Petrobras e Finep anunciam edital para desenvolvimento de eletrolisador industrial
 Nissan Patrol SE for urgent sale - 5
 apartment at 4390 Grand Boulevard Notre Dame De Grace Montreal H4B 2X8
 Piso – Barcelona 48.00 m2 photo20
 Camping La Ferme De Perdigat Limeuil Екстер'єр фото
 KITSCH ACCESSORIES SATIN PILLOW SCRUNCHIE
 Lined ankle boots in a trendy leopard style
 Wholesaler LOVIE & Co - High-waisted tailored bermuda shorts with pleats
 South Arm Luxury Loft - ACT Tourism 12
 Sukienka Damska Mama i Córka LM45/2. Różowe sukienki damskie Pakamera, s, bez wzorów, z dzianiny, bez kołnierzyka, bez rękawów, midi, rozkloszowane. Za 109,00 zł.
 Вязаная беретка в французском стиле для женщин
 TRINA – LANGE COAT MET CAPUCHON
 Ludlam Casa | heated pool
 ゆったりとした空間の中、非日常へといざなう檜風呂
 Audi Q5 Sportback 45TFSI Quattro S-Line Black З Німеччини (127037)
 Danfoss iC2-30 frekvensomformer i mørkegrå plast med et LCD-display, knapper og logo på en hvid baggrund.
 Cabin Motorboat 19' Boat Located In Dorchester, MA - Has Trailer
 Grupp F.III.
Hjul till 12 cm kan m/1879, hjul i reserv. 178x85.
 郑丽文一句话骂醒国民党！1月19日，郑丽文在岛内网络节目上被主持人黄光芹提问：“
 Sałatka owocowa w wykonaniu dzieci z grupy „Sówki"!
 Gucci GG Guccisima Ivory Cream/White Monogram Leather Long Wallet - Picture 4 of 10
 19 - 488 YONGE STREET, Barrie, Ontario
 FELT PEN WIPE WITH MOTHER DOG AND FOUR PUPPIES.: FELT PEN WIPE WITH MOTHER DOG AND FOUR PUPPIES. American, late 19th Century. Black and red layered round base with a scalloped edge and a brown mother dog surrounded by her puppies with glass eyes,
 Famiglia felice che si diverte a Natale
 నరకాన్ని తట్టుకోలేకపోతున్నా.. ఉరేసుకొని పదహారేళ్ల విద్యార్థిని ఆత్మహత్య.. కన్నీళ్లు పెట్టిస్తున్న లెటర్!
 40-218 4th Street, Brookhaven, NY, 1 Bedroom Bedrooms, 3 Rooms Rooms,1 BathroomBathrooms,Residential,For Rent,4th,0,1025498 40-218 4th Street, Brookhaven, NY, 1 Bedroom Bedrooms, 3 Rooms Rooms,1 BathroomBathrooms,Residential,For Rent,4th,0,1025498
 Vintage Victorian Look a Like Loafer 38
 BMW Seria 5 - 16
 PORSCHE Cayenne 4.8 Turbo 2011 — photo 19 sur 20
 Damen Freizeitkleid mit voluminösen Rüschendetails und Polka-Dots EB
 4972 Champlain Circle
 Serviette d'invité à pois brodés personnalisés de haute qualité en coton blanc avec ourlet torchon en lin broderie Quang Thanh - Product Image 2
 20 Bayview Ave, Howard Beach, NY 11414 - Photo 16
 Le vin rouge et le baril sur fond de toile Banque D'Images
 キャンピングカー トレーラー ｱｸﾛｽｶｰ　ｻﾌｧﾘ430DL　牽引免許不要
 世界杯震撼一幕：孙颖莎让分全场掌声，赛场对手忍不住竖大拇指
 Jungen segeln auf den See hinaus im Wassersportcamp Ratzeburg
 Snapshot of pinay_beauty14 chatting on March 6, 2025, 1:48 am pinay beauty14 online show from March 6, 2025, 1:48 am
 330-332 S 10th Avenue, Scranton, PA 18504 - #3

» Problem: The response should hold exactly the lines starting at the line with "Le vin rouge" and ending at the line with "Snapshot of pinay_beauty14", and no other line of the material above.

» Solution to the problem:
 Le vin rouge et le baril sur fond de toile Banque D'Images
 キャンピングカー トレーラー ｱｸﾛｽｶｰ　ｻﾌｧﾘ430DL　牽引免許不要
 世界杯震撼一幕：孙颖莎让分全场掌声，赛场对手忍不住竖大拇指
 Jungen segeln auf den See hinaus im Wassersportcamp Ratzeburg
 Snapshot of pinay_beauty14 chatting on March 6, 2025, 1:48 am pinay beauty14 online show from March 6, 2025, 1:48 am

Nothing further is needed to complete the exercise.